Bakırköy Belediye Başkan Adaylığına talep açan geçmiş dönem meclis üyesi CHP’li Ali Rıza Akyüz, bölgede yayın yapan gazete temsilcileriyle bir araya geldi. Sohbet havasında geçen toplantıda konuşan Akyüz, “60 yıldır yaşadığım ve ilçe kurucusu olduğum Bakırköy’de, meclis üyeliğim döneminde yaptıklarım yapacaklarımın teminatıdır.

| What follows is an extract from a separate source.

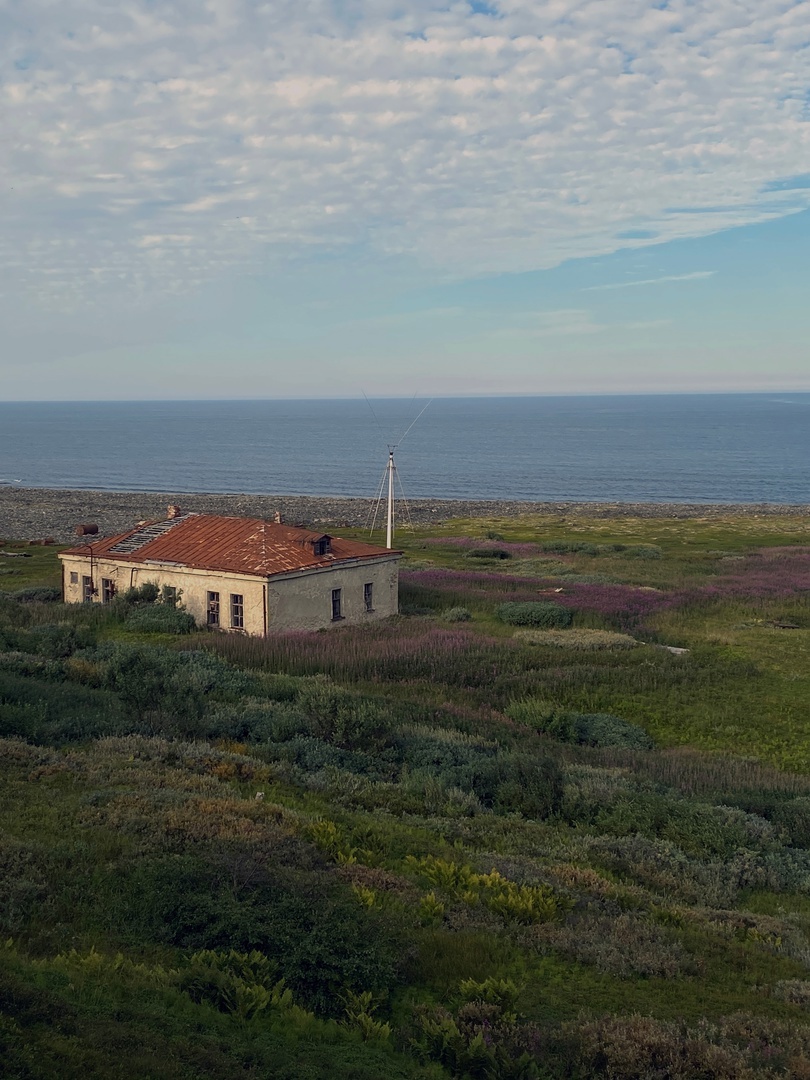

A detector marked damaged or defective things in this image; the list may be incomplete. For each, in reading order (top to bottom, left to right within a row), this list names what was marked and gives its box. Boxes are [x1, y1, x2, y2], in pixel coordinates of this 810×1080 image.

rusty red roof [58, 516, 401, 583]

Sokak hayvanlarımızın bakımı, rehabilitasyonu, parkların bakımı, çöplerin toplanması, ağaçların budanması, yol ve kaldırım çalışması gibi vaatlerim yok, zaten bunlar belediyelerin asli görevleri. Ben kaybettiğimiz kamusal alanlarımızın geri dönüşümünü, sosyal belediyeciliğin gereklerini yerine getirerek hep birlikte oturduğumuz masada aldığımız ortak kararları hayata geçireceğim. Hiçbir yapıyı ötelemeyen, ayrıştırmayan ve hep birlikte ortak noktarımızı öne çıkaran bir yönetim anlayışı sergileyeceğimizin sözünü veriyorum” dedi.

40 yıllık meslek hayatının 20 yılını meslek odalarında, 35 yılını da Cumhuriyet Halk Partisi’nde geçirdiğini söyleyen TMMOB Mimarlar Odası Trakya Büyükkent Bölge Temsilciliği Başkanlığını yapan Mimar Mustafa Fazlıoğlu’da, Ali Rıza Akyüz’ün adaylığına sonuna kadar destek verdiğini söyleyerek, “Aynı düşünceye sahip aynı ekipteki insanlarız. Onun adaylığı bizim adaylığımızdır. Bilgi birikim ve deneyimlerimi önce Bakırköy’e sonra İstanbul halkına sunmak üzere buradayım ve yanındayım” ifadeleriyle toplantıda hazır bulundu.

Partisinin teveccühü ile adaylaştırıldığı takdirde kentte yaşayanlarla birlikte yönetilen bir belediyenin başkanlığını yaparak amacının iz bırakmak olduğunu ifade eden Akyüz, “Benim bu kente karşı bir sorumluluğum var” diyerek açıklamalarda bulundu.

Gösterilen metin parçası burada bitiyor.